## Work task
The required result is an exact copy of every line from the one with "Villa Del Quar" through the last line below, with the pictures left out.

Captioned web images

======

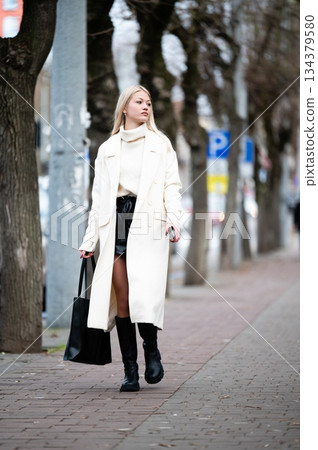 Stylish young woman strolls through a city street in winter attire, showcasing a blend of modern fashion and comfort during the early afternoon hours Stylish young woman strolls through a city street in winter attire, showcasing a blend of modern fashion and comfort during the early afternoon hours 134379580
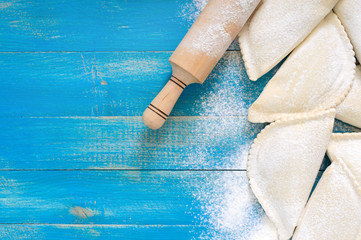 Not fried chebureks in flour on a blue wooden table. Traditional Turkic-Mongolian dish. Frozen semi-finished products. Free space for an inscription.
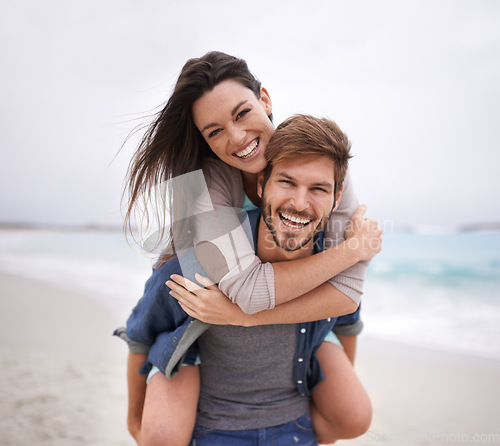 Image of Couple, portrait and piggyback hug at beach for travel, romance and freedom together outdoors. Face, smile and happy woman embracing man on trip, vacation or holiday, bond and having fun in Florida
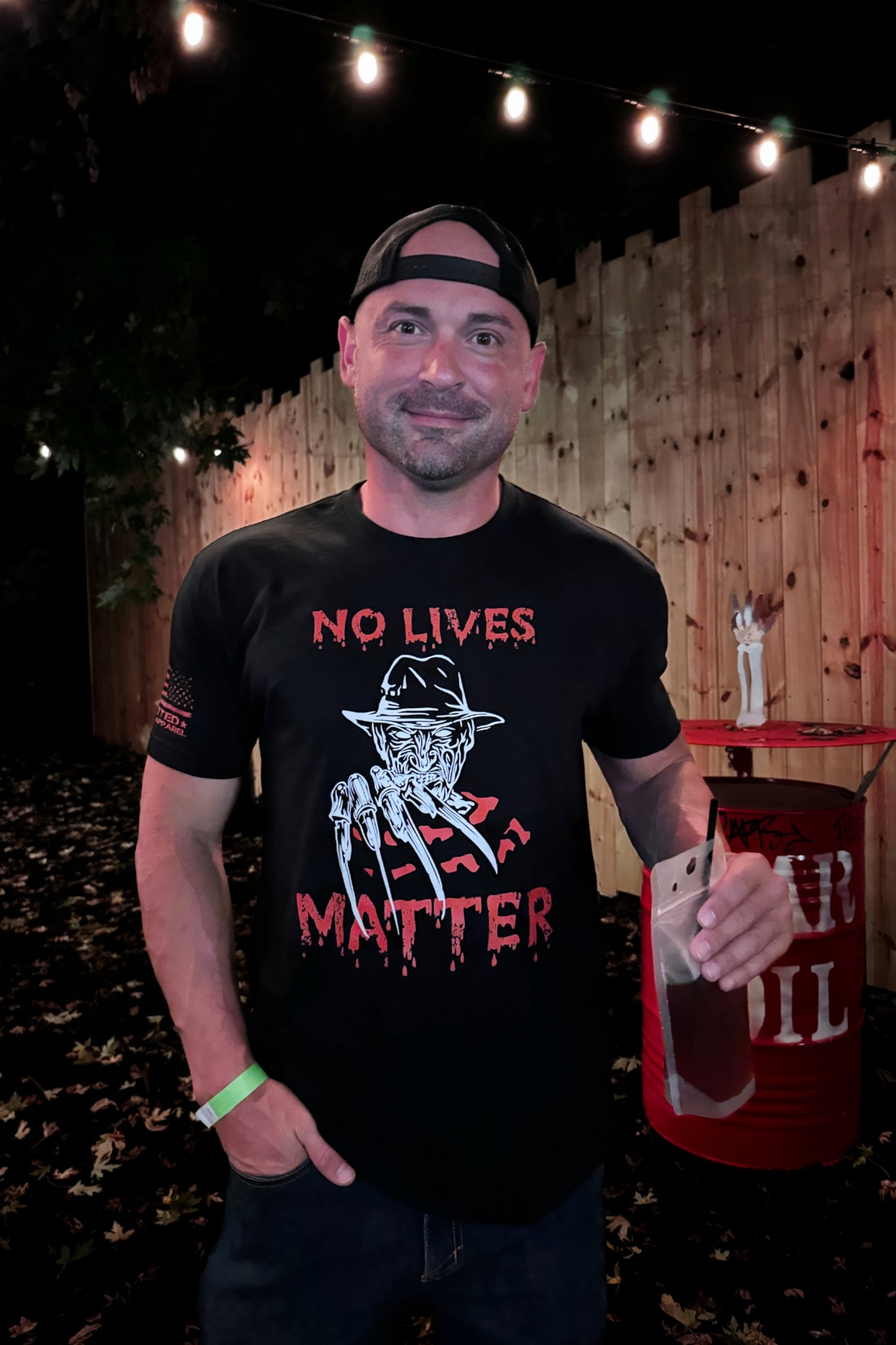Unisex horror shirt with slasher design and bold red text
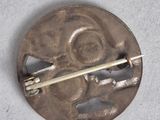 an image of a silver broochle with a stick sticking out of it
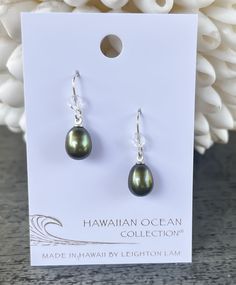 A classic freshwater pearl earring to accentuate your style. We match each pearl by hand, but just like you, each pearl is unique. Length: 0.6" Materials: 9mm Freshwater Pearl. Czech Fire Polish Bead. Sterling silver ear wires. Collection: Hawaiian Ocean Collection Pearl Dangle Earrings With French Hook, Classic Pearl Earrings With French Hook, Classic Teardrop Nickel-free Pearl Earrings, Oval Pearl Drop Earrings Gift, Classic Pearl Earrings With French Hook As Gift, Gift Pearl Earrings With French Hook, Classic Silver Tahitian Pearl Earrings, Nickel-free Teardrop Pearl Earrings, Silver Tahitian Pearl Drop Earrings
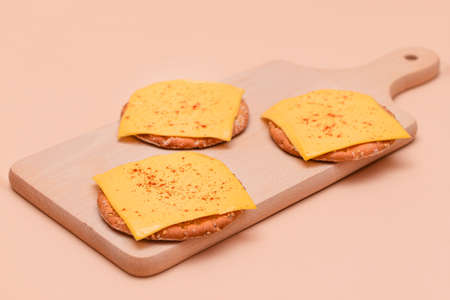Crispy Cracker Sandwiches with Cheese and Paprika on Wooden Cutting Board and Beige Background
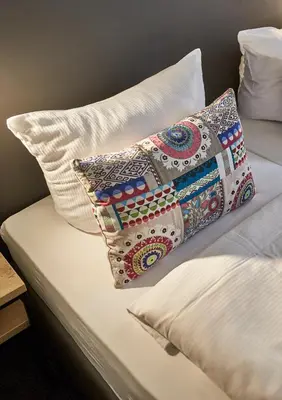 Ein Bett oder Betten in einem Zimmer der Unterkunft Gästehaus Zur Traube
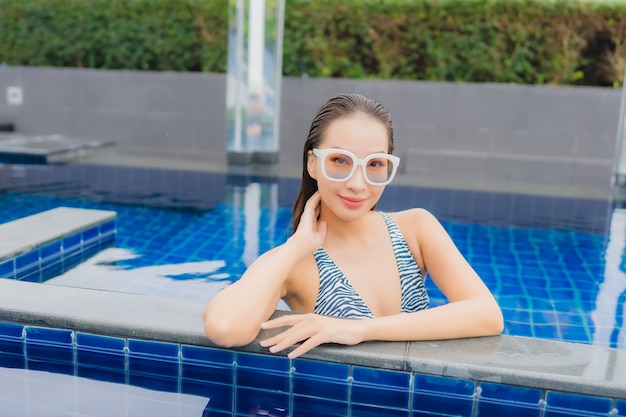 Portrait beautiful young asian woman relax smile around outdoor swimming pool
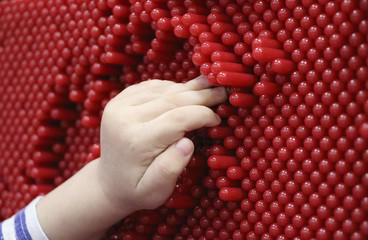 children's hands and pinskreen. the child is playing with the contact screen. children's hands are pressed onto the plastic pins on the interactive panel and leave prints.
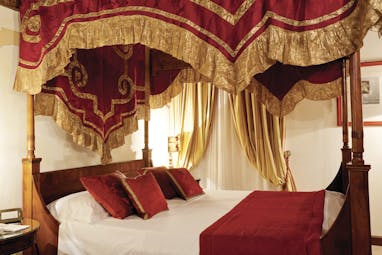 Villa Del Quar Veneto bedroom with four poster bed with red and gold colour scheme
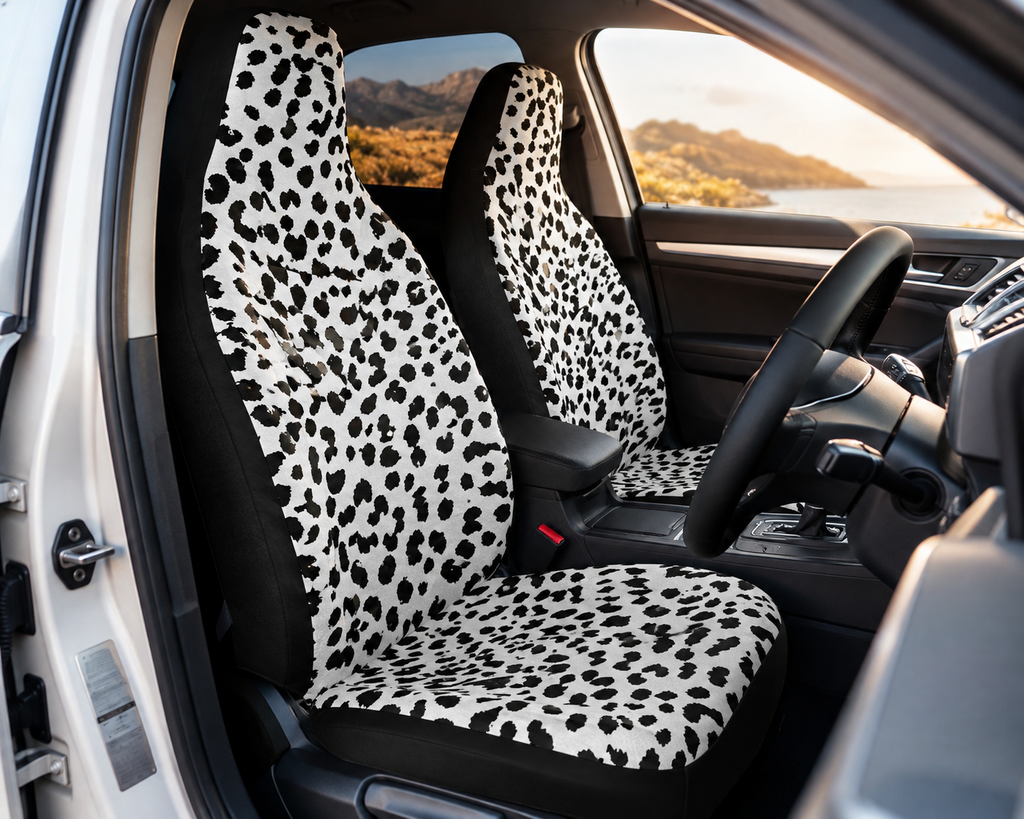 White leopard print car seat covers shown in a car interior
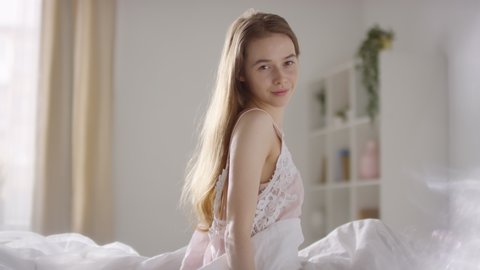  Slowmo of beautiful young woman in nightdress waking up in morning and sitting up in bed, then smiling for camera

======

## Response to this exercise
 Villa Del Quar Veneto bedroom with four poster bed with red and gold colour scheme
 White leopard print car seat covers shown in a car interior
  Slowmo of beautiful young woman in nightdress waking up in morning and sitting up in bed, then smiling for camera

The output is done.